▶ _What you should do_: Where the material below has a line containing "-院里寻菜·精致庭院菜(观沙岭店)", start repeating exactly, and keep going through the line containing "Itachi Uchiha Akatsuki Team iPhone XR Case", with no other lines.

▶ _Data_:
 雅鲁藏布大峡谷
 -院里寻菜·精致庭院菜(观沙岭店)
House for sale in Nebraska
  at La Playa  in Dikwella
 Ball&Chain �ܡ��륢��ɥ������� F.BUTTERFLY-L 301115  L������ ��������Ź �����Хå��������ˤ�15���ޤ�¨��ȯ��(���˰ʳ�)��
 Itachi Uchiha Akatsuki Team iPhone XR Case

...

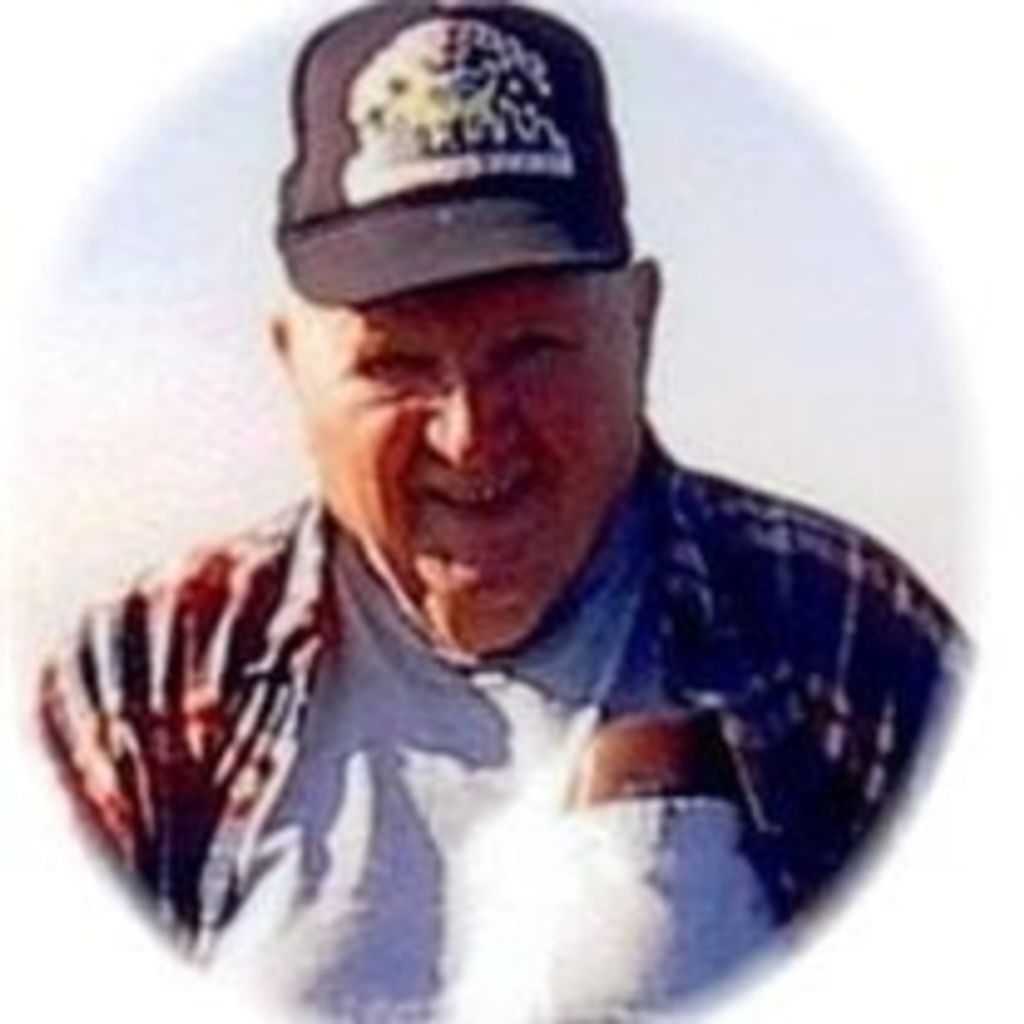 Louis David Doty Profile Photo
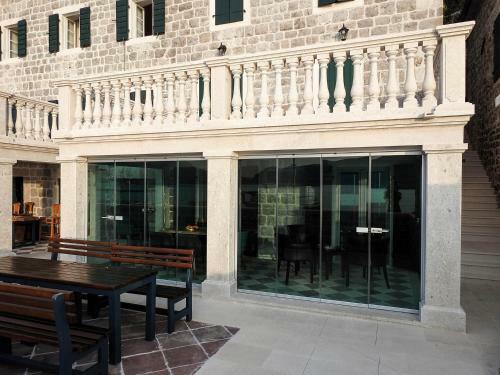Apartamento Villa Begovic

...

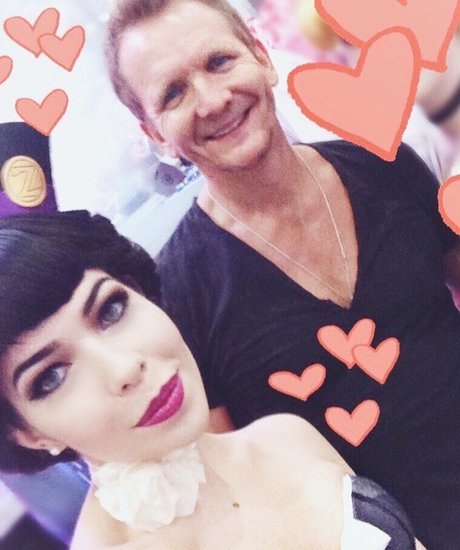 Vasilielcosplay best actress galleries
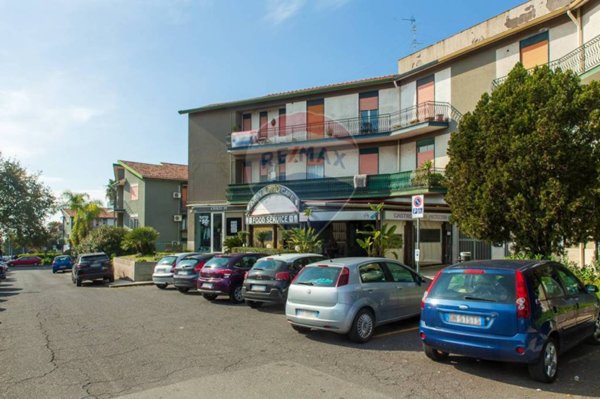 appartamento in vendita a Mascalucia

▶ _Output for this task_:
 -院里寻菜·精致庭院菜(观沙岭店)
House for sale in Nebraska
  at La Playa  in Dikwella
 Ball&Chain �ܡ��륢��ɥ������� F.BUTTERFLY-L 301115  L������ ��������Ź �����Хå��������ˤ�15���ޤ�¨��ȯ��(���˰ʳ�)��
 Itachi Uchiha Akatsuki Team iPhone XR Case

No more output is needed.